Monday, October 06, 2014

Matthew 22:1-14

Year A - Pentecost +18 or Community Practice 18
September 28, 2014


Always with the intermediaries. Why send “slaves” to do a final ask? 

Who would dare to ignore a king to their face or to try to imprison them? It is so easy for us to fall into judging where we are going to spend our time and energy. Convenience is a major issue here. Also at stake are judgments about survival and whether attending a wedding will detract from the needed commerce to continue growing personal wealth. Both of these remind us of the eternal tension between our social contracts and our personal judgments.

Here the kingly prerogative is to make the king’s judgments preeminent and so all citizens need to drop everything to attend to wherever the king ends up on a particular decision.
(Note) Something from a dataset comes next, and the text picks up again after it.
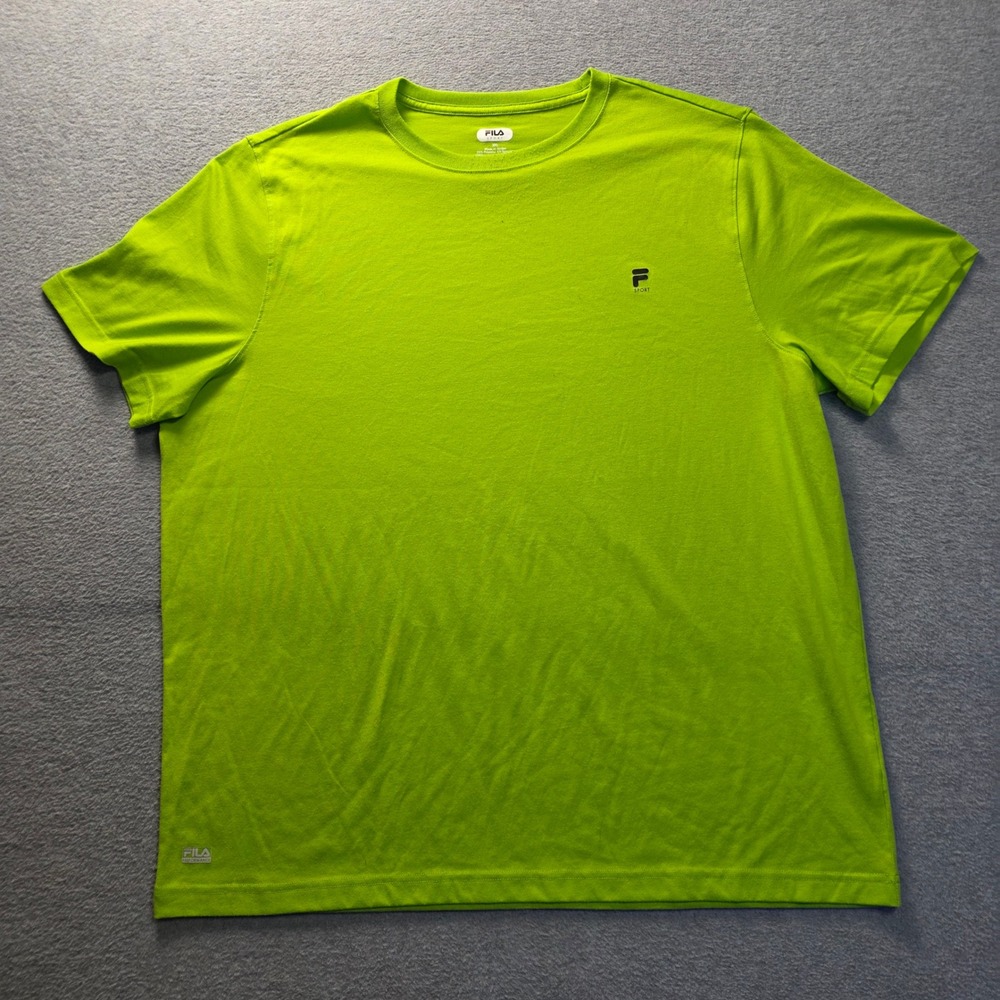 Fila Sport Workout Gymβ Shirt Mens XXL Neon Green Athletic Tee Performance Top
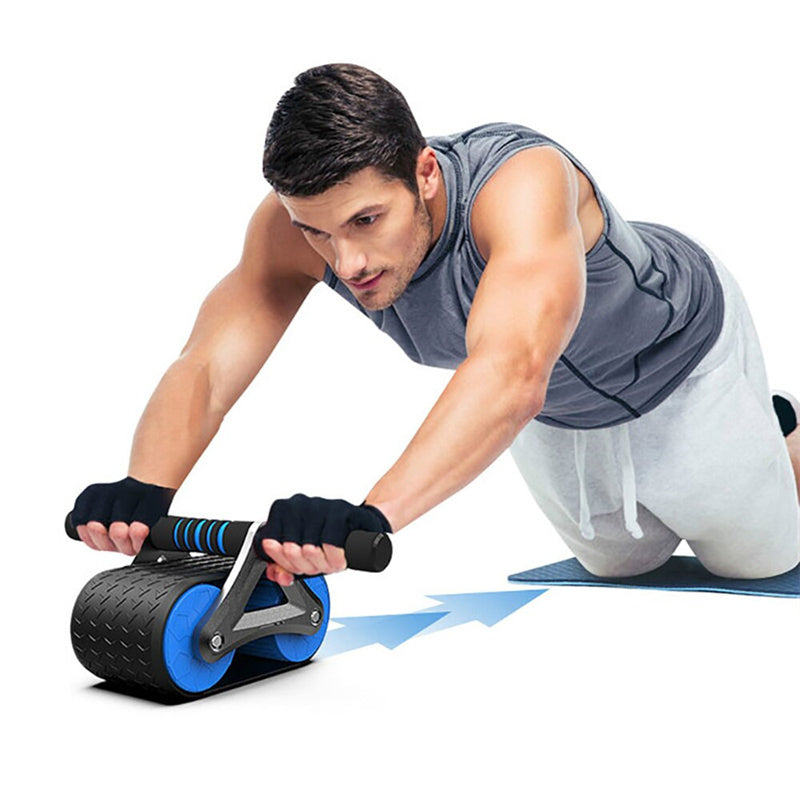 Auto-Rebound Ab Wheel Roller with Knee Pad – Double Wheel Core Trainer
Why would a wedding banquet be expected to be of the same import and value to everyone? Is this but the latest in a series of vanities of kingship that is weakening the interrelationships of the community or is it a key turning point in the way the citizens are recommitted to one another? The mere fact of a banquet doesn’t tell us much about where it fits into larger pictures.

The only consistent things here is the hair-trigger recompense a king is able to wreak upon their subjects. Many are slaughtered and single outliers are bound and tortured.

Where would you rank this particular parable in light of other parables. Is this on the same par as a mustard seed?

What aspect of heaven does this convey that another parable about a field pearl doesn’t or can’t? And, is this a constituent part of heaven or another of our interpretations based on kingly privilege?

Not being able to take a parable at face-value, how might we use this to reveal a misconception about heaven (defined by hell rather than itself) or an integral part of its nature (exclusive, decisional)?

Imagine for a moment a moral that is a bit less privileged. What would it be like to follow Chapter 21’s insight that many regarded Jesus as a prophet? Might that push us to reconsider the telling of this parable in favor of one that is more prophetically merciful than kingly/priestly judgment and end with “Many are called, and many welcomed.”